■ Task item
The response should consist of every record, reproduced exactly.

■ Given records
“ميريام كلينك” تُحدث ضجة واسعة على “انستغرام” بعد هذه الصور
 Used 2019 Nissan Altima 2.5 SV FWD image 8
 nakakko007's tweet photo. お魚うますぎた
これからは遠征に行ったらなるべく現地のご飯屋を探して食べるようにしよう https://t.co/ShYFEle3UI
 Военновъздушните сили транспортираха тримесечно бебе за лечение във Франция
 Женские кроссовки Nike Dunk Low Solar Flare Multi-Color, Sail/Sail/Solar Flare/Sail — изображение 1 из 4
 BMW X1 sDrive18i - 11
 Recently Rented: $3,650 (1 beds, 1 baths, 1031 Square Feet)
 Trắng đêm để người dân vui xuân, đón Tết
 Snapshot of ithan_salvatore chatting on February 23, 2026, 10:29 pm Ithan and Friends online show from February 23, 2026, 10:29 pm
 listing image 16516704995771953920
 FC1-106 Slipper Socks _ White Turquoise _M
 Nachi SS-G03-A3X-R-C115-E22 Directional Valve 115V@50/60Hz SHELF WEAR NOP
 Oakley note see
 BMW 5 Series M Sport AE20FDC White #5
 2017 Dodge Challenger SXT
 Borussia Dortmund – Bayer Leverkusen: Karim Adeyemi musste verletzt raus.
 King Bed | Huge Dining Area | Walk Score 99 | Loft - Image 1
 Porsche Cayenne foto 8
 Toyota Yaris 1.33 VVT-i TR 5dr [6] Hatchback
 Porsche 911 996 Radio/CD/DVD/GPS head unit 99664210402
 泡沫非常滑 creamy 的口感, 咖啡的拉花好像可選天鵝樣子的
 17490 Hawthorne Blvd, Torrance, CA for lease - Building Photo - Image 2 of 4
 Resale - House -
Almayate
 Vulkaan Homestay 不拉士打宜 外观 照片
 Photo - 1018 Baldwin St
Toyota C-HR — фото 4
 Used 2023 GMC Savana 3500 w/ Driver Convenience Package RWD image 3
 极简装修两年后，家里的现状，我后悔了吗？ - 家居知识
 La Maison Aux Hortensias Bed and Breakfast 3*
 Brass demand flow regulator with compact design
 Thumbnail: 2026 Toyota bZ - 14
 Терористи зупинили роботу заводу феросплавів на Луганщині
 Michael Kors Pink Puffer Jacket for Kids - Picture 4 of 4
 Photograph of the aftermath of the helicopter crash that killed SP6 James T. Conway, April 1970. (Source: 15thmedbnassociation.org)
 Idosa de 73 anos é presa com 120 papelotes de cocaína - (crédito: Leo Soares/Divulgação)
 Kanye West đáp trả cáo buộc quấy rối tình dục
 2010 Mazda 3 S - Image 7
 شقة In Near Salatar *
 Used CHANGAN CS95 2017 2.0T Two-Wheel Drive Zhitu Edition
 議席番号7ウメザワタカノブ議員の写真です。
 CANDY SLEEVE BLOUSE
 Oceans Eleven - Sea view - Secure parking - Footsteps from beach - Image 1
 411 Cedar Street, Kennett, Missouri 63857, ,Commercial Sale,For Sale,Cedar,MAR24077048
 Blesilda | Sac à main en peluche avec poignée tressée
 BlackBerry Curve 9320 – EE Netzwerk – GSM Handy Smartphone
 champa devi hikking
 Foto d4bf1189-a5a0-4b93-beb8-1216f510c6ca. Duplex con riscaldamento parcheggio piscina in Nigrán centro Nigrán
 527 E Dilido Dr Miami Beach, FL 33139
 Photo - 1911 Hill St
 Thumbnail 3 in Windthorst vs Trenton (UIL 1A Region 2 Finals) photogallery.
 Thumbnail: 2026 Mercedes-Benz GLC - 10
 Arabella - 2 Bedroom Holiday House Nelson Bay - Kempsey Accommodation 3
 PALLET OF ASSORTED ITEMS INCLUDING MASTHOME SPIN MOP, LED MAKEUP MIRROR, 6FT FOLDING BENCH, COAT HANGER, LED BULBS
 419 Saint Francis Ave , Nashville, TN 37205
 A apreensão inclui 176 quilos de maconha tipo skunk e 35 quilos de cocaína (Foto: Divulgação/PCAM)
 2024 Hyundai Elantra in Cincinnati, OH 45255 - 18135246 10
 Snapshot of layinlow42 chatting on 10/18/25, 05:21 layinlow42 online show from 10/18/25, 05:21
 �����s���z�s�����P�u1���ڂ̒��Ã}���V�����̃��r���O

■ Reply to the task
“ميريام كلينك” تُحدث ضجة واسعة على “انستغرام” بعد هذه الصور
 Used 2019 Nissan Altima 2.5 SV FWD image 8
 nakakko007's tweet photo. お魚うますぎた
これからは遠征に行ったらなるべく現地のご飯屋を探して食べるようにしよう https://t.co/ShYFEle3UI
 Военновъздушните сили транспортираха тримесечно бебе за лечение във Франция
 Женские кроссовки Nike Dunk Low Solar Flare Multi-Color, Sail/Sail/Solar Flare/Sail — изображение 1 из 4
 BMW X1 sDrive18i - 11
 Recently Rented: $3,650 (1 beds, 1 baths, 1031 Square Feet)
 Trắng đêm để người dân vui xuân, đón Tết
 Snapshot of ithan_salvatore chatting on February 23, 2026, 10:29 pm Ithan and Friends online show from February 23, 2026, 10:29 pm
 listing image 16516704995771953920
 FC1-106 Slipper Socks _ White Turquoise _M
 Nachi SS-G03-A3X-R-C115-E22 Directional Valve 115V@50/60Hz SHELF WEAR NOP
 Oakley note see
 BMW 5 Series M Sport AE20FDC White #5
 2017 Dodge Challenger SXT
 Borussia Dortmund – Bayer Leverkusen: Karim Adeyemi musste verletzt raus.
 King Bed | Huge Dining Area | Walk Score 99 | Loft - Image 1
 Porsche Cayenne foto 8
 Toyota Yaris 1.33 VVT-i TR 5dr [6] Hatchback
 Porsche 911 996 Radio/CD/DVD/GPS head unit 99664210402
 泡沫非常滑 creamy 的口感, 咖啡的拉花好像可選天鵝樣子的
 17490 Hawthorne Blvd, Torrance, CA for lease - Building Photo - Image 2 of 4
 Resale - House -
Almayate
 Vulkaan Homestay 不拉士打宜 外观 照片
 Photo - 1018 Baldwin St
Toyota C-HR — фото 4
 Used 2023 GMC Savana 3500 w/ Driver Convenience Package RWD image 3
 极简装修两年后，家里的现状，我后悔了吗？ - 家居知识
 La Maison Aux Hortensias Bed and Breakfast 3*
 Brass demand flow regulator with compact design
 Thumbnail: 2026 Toyota bZ - 14
 Терористи зупинили роботу заводу феросплавів на Луганщині
 Michael Kors Pink Puffer Jacket for Kids - Picture 4 of 4
 Photograph of the aftermath of the helicopter crash that killed SP6 James T. Conway, April 1970. (Source: 15thmedbnassociation.org)
 Idosa de 73 anos é presa com 120 papelotes de cocaína - (crédito: Leo Soares/Divulgação)
 Kanye West đáp trả cáo buộc quấy rối tình dục
 2010 Mazda 3 S - Image 7
 شقة In Near Salatar *
 Used CHANGAN CS95 2017 2.0T Two-Wheel Drive Zhitu Edition
 議席番号7ウメザワタカノブ議員の写真です。
 CANDY SLEEVE BLOUSE
 Oceans Eleven - Sea view - Secure parking - Footsteps from beach - Image 1
 411 Cedar Street, Kennett, Missouri 63857, ,Commercial Sale,For Sale,Cedar,MAR24077048
 Blesilda | Sac à main en peluche avec poignée tressée
 BlackBerry Curve 9320 – EE Netzwerk – GSM Handy Smartphone
 champa devi hikking
 Foto d4bf1189-a5a0-4b93-beb8-1216f510c6ca. Duplex con riscaldamento parcheggio piscina in Nigrán centro Nigrán
 527 E Dilido Dr Miami Beach, FL 33139
 Photo - 1911 Hill St
 Thumbnail 3 in Windthorst vs Trenton (UIL 1A Region 2 Finals) photogallery.
 Thumbnail: 2026 Mercedes-Benz GLC - 10
 Arabella - 2 Bedroom Holiday House Nelson Bay - Kempsey Accommodation 3
 PALLET OF ASSORTED ITEMS INCLUDING MASTHOME SPIN MOP, LED MAKEUP MIRROR, 6FT FOLDING BENCH, COAT HANGER, LED BULBS
 419 Saint Francis Ave , Nashville, TN 37205
 A apreensão inclui 176 quilos de maconha tipo skunk e 35 quilos de cocaína (Foto: Divulgação/PCAM)
 2024 Hyundai Elantra in Cincinnati, OH 45255 - 18135246 10
 Snapshot of layinlow42 chatting on 10/18/25, 05:21 layinlow42 online show from 10/18/25, 05:21
 �����s���z�s�����P�u1���ڂ̒��Ã}���V�����̃��r���O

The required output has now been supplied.